TALLAHASSEE, Fla. — Bobby Bowden isn’t sure what his emotions will be like Saturday when he steps on to the field that bears his name for the first time in nearly four years and hears 83,000 fans cheering for him.
But Florida State’s legendary football coach knows what will happen when he sees hundreds of his former players on the field to welcome him before the Seminoles’ game against North Carolina State.
“I get very emotional when I see my former players,” Bowden said. “I think I can handle the rest of it.”
Bowden won 377 games in his college coaching career, including 316 from 1976-2009 as Florida State’s coach. No coach in major college football won more games than Bowden, who guided the Seminoles to national titles in 1993 and ’99 as well as enjoyed an unprecedented run of 14 straight years (1987-2000) of top-4 finishes in the Associated Press poll.
The program was in decline late in the 2000s, and Bowden was forced into retirement after the 2009 season. He was bitter about the decision, which was made by president T.K. Wetherell, once a former Florida State player in the 1960s who was coached by Bowden (then a Seminoles assistant coach).
But Wetherell retired soon after Bowden’s last game, a 33-21 win over West Virginia in the 2010 Gator Bowl. And Bowden vowed to keep his distance from his successor, Jimbo Fisher, and let him put his mark on the program. Fisher said he learned from coaching on Bowden’s staff from 2007-09.
“Coach Bowden was himself; he didn’t try to be anybody,” Fisher said. “He was himself and he treated people well. Kids loved him — he was tough on them. What you don’t see, that guy was tougher than you give him credit for. Extremely hard-nosed and tough and you don’t realize it. But, the way he conducts himself, he was a great example to watch.”
On Saturday, Bowden will walk into Doak Campbell Stadium and step on to Bobby Bowden Field for the first time since the 2009 season. Bowden will be honored at a pregame ceremony before the 3:30 p.m. kickoff with about 300 former players alongside him. And instead of Chief Osceola riding in on Renegade to plant the flaming spear at midfield before the game, Bowden will do the honors.
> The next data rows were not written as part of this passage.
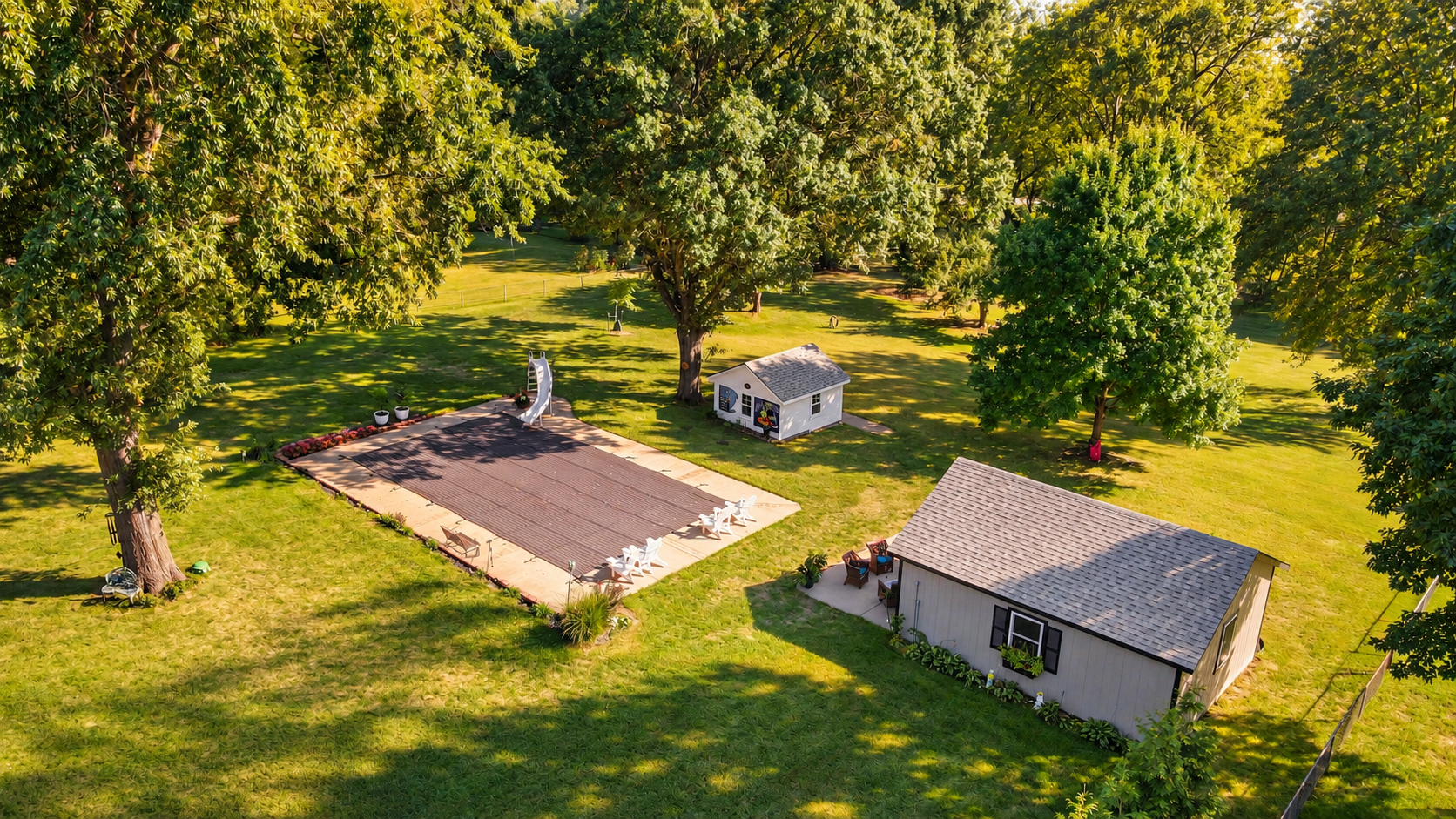 Covered in-ground pool, detached workshop, and spacious backyard with mature trees at a Merriam KS ranch home.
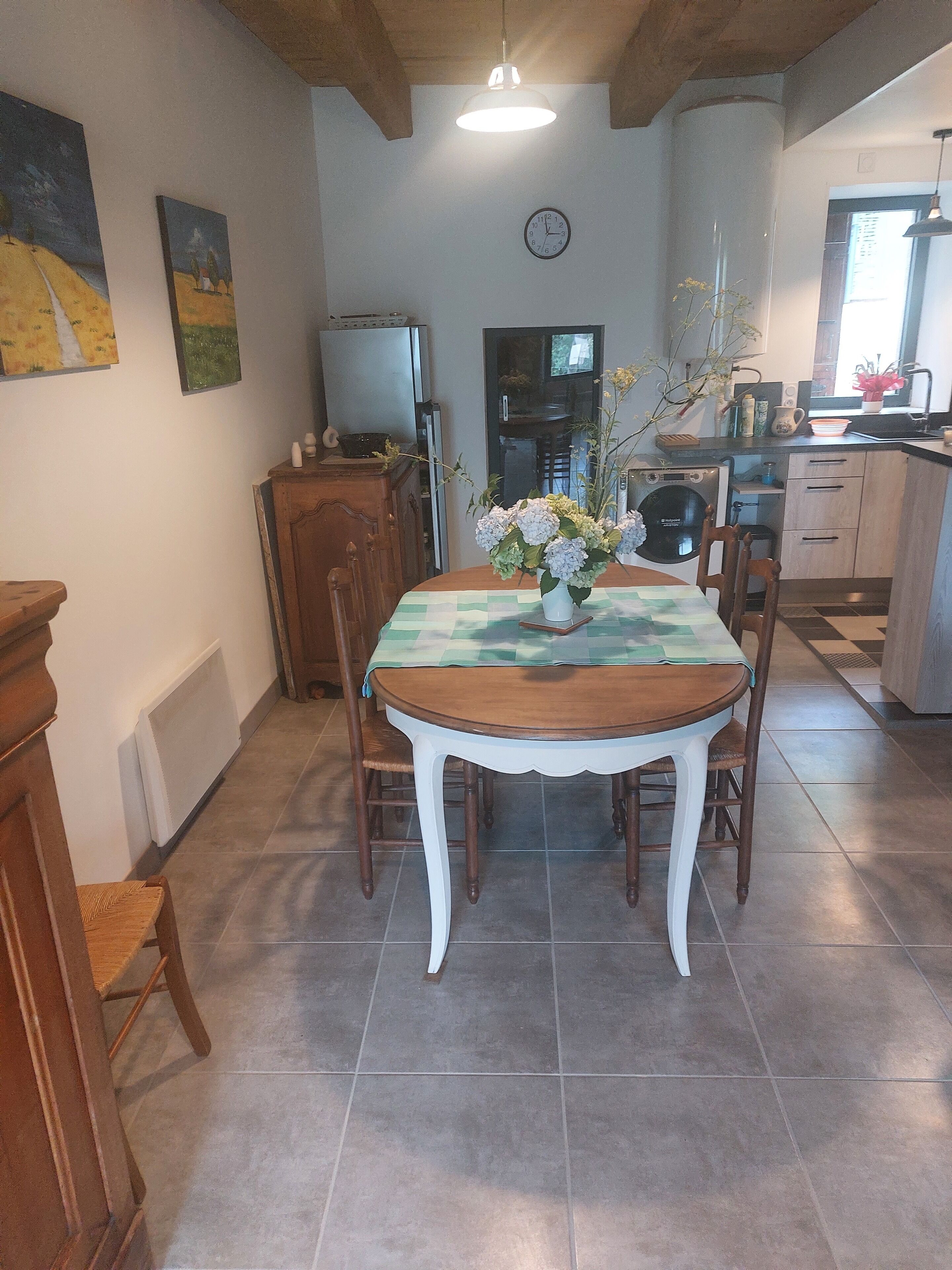 A dining area with a table set for four, a clock on the wall, and a kitchen in the background.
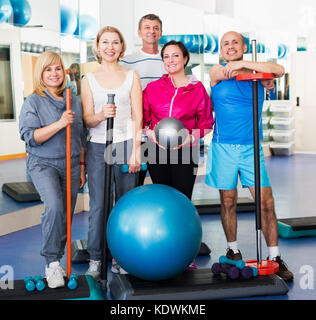 Donne e uomini anziani con sfere di fitness e manubri in una palestra Foto Stock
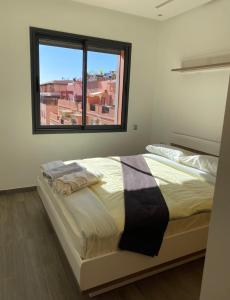 a bedroom with a large bed with a window at Holiday signature in Marrakech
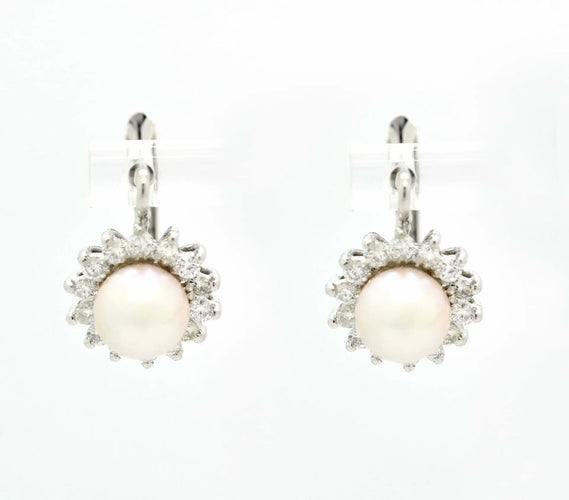 Boucles d'oreilles en or blanc avec perles et diamants 0,70 ct 58 Facettes 9269
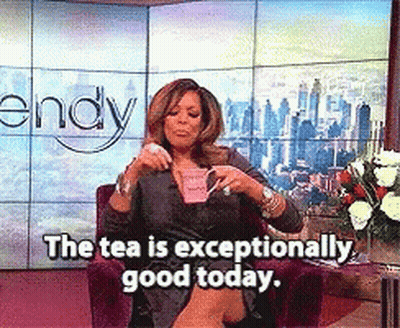 Wendy Williams Is Sitting In A Chair Drinking A Cup Of Tea GIF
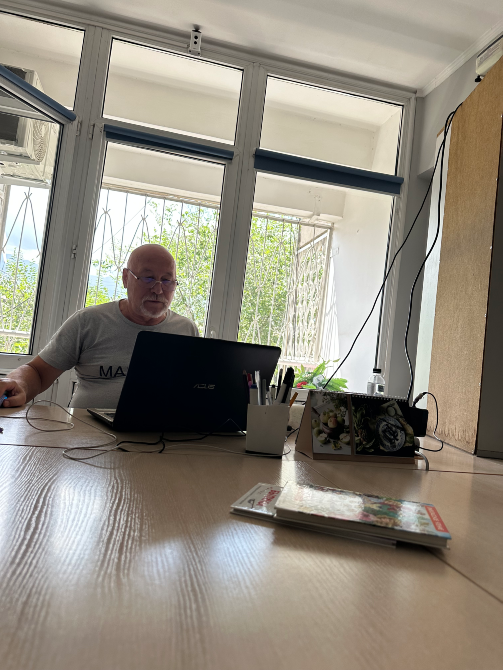 Офисте үстелде жұмыс істеп отырған компьютердегі ер адам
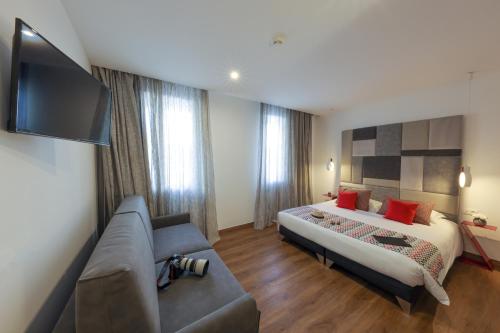 a hotel room with a bed and a couch at Hôtel Méditerranée in Calvi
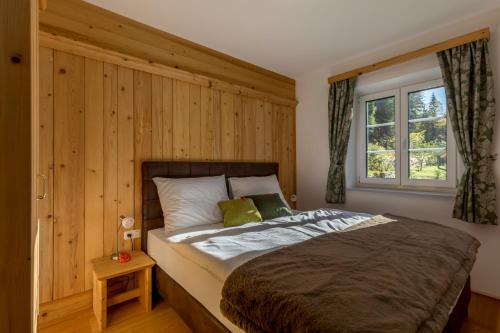 1 dormitorio con 1 cama grande y pared de madera en Appartement Hess Hinterstoder en Hinterstoder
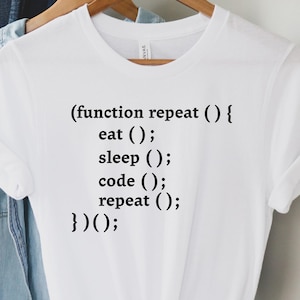 May include: White t-shirt with black text that reads: (function repeat () { eat (); sleep (); code (); repeat (); })();. The shirt is hanging on a wooden hanger with other clothing items.
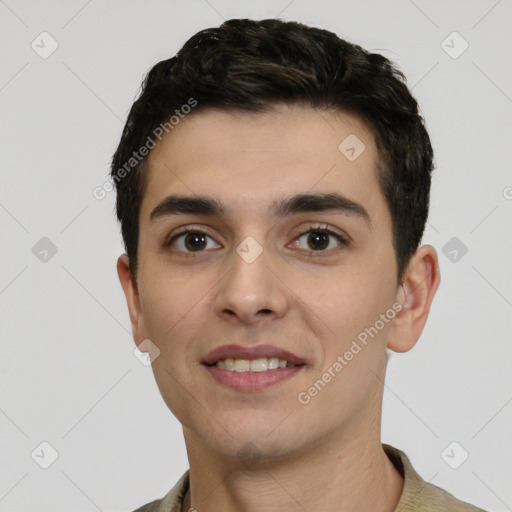 Joyful white young-adult male with short  black hair and brown eyes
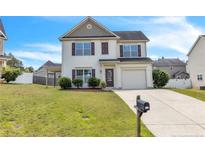 Charming two-story home featuring a manicured lawn, attached garage and driveway at 104 Red Coat Dr, Cameron, NC 28326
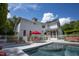 Inviting pool with patio furniture and a red umbrella at 1153 Four Wheel Dr, Wake Forest, NC 27587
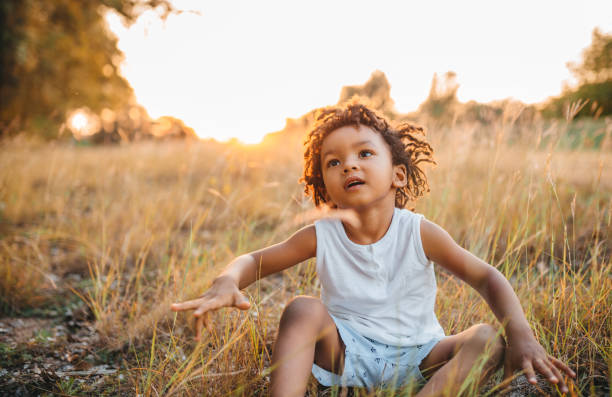 istock The little boy is sitting in the grass 1298151406
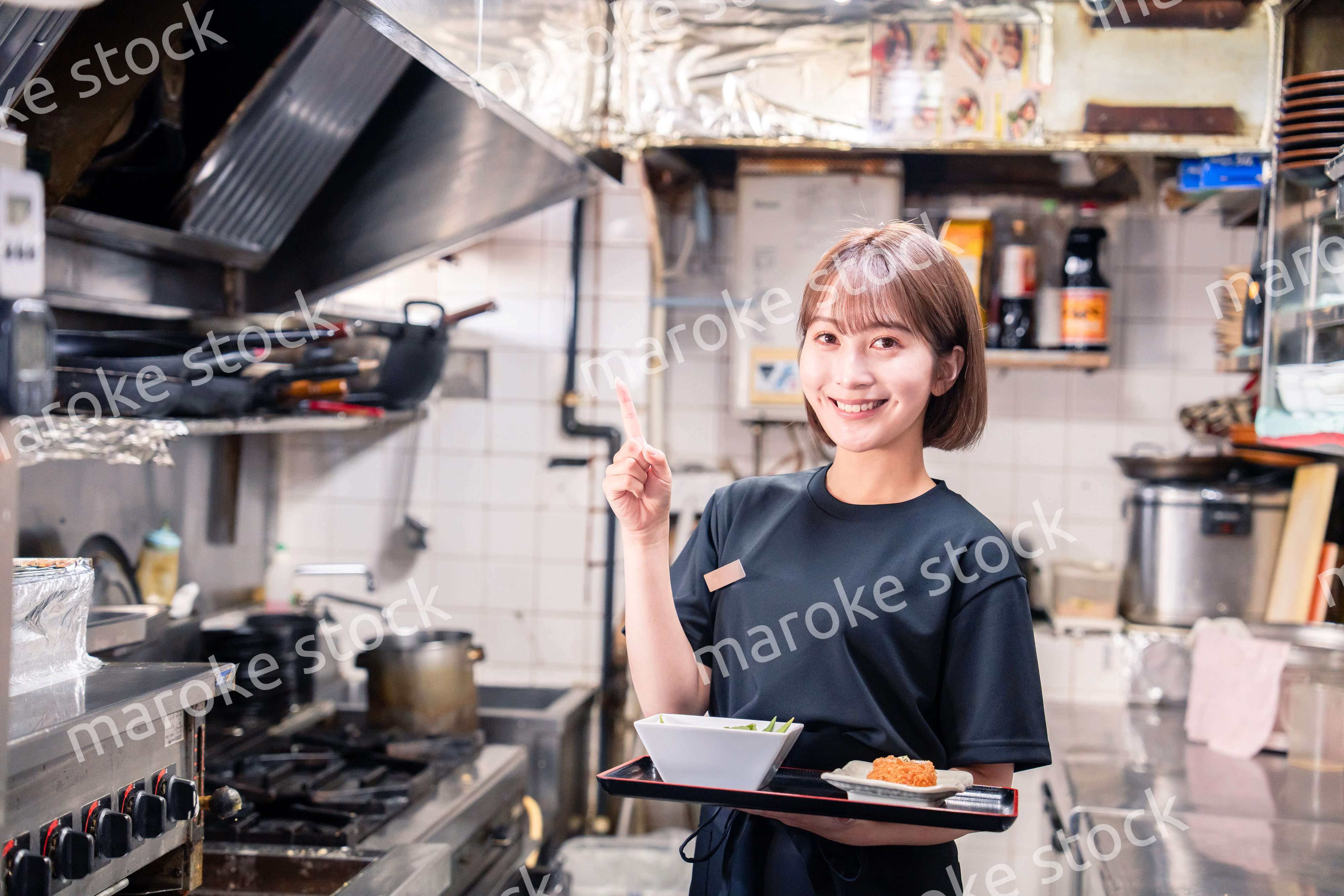 飲食店の厨房で働く若い女性のスタッフ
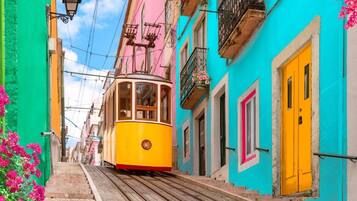 A yellow tram on a narrow street flanked by colorful buildings with balconies and flower boxes.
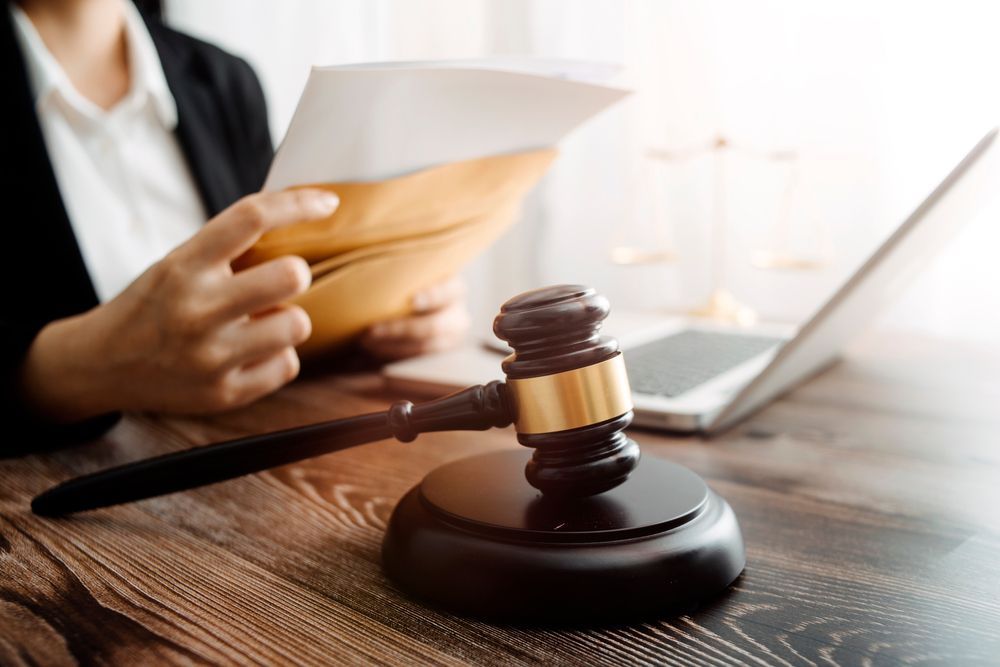 Gavel on Desk, With Person Holding Papers and Laptop — Umbrella Legal in Lake Macquarie, NSW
“I appreciate what they’re doing and I’m looking forward to it,” Bowden said.
Florida State also has planned a busy Friday of activities for Bowden. He will take part in a golf tournament in the morning with fans and boosters. And at night, a banquet will be held in his honor at the Donald L. Tucker Center.
Bowden will turn 84 on Nov. 8, but he isn’t slowing down. And Florida State fans will be seeing much more of Bowden the next few years. He has accepted a two-year deal, beginning in January 2014, to be a fundraiser for Seminole Boosters, Inc. Bowden will earn $250,000 annually to travel around the state and speak to fans and boosters.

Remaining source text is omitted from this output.